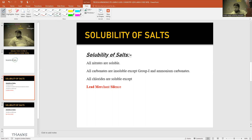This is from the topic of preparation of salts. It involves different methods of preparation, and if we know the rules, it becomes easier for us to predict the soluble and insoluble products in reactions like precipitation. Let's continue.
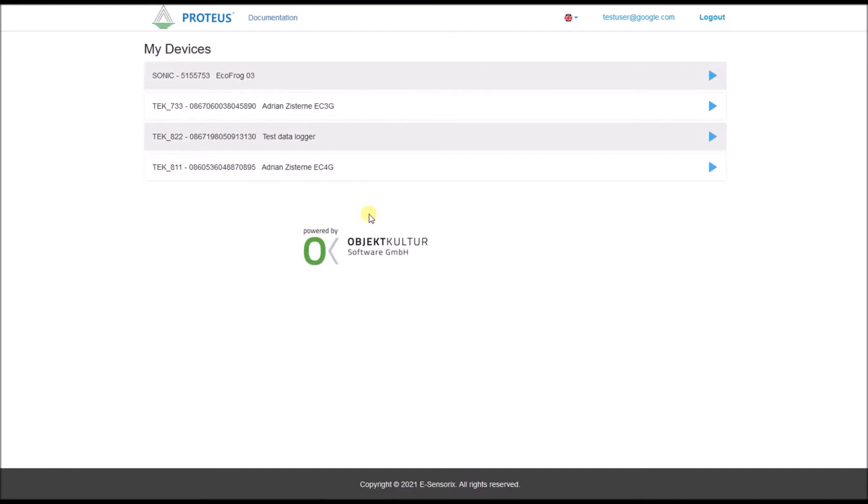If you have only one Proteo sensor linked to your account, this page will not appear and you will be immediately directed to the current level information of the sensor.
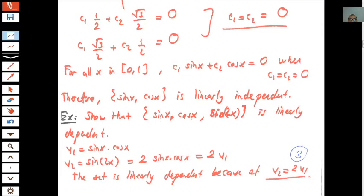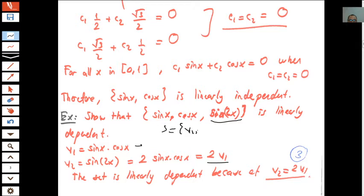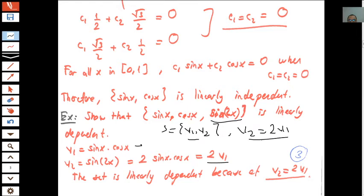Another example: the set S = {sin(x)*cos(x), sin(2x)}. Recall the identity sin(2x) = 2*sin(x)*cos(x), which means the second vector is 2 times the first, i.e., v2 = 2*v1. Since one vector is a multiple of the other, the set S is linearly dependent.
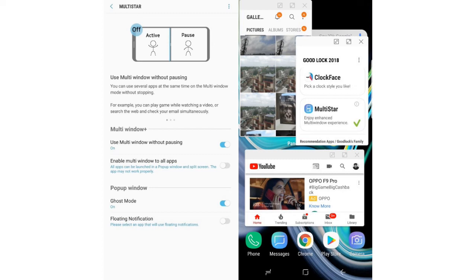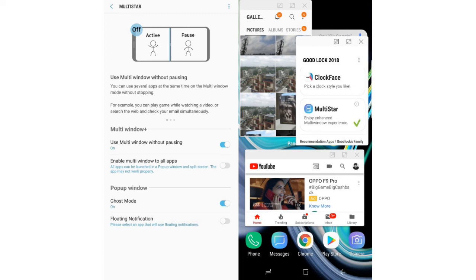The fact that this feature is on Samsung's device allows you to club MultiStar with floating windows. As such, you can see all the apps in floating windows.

■ Task description ■
Repeat every line above exactly, but omit all images.

■ Answer area ■
This is from the topic of preparation of salts. It involves different methods of preparation, and if we know the rules, it becomes easier for us to predict the soluble and insoluble products in reactions like precipitation. Let's continue.
If you have only one Proteo sensor linked to your account, this page will not appear and you will be immediately directed to the current level information of the sensor.
Another example: the set S = {sin(x)*cos(x), sin(2x)}. Recall the identity sin(2x) = 2*sin(x)*cos(x), which means the second vector is 2 times the first, i.e., v2 = 2*v1. Since one vector is a multiple of the other, the set S is linearly dependent.
The fact that this feature is on Samsung's device allows you to club MultiStar with floating windows. As such, you can see all the apps in floating windows.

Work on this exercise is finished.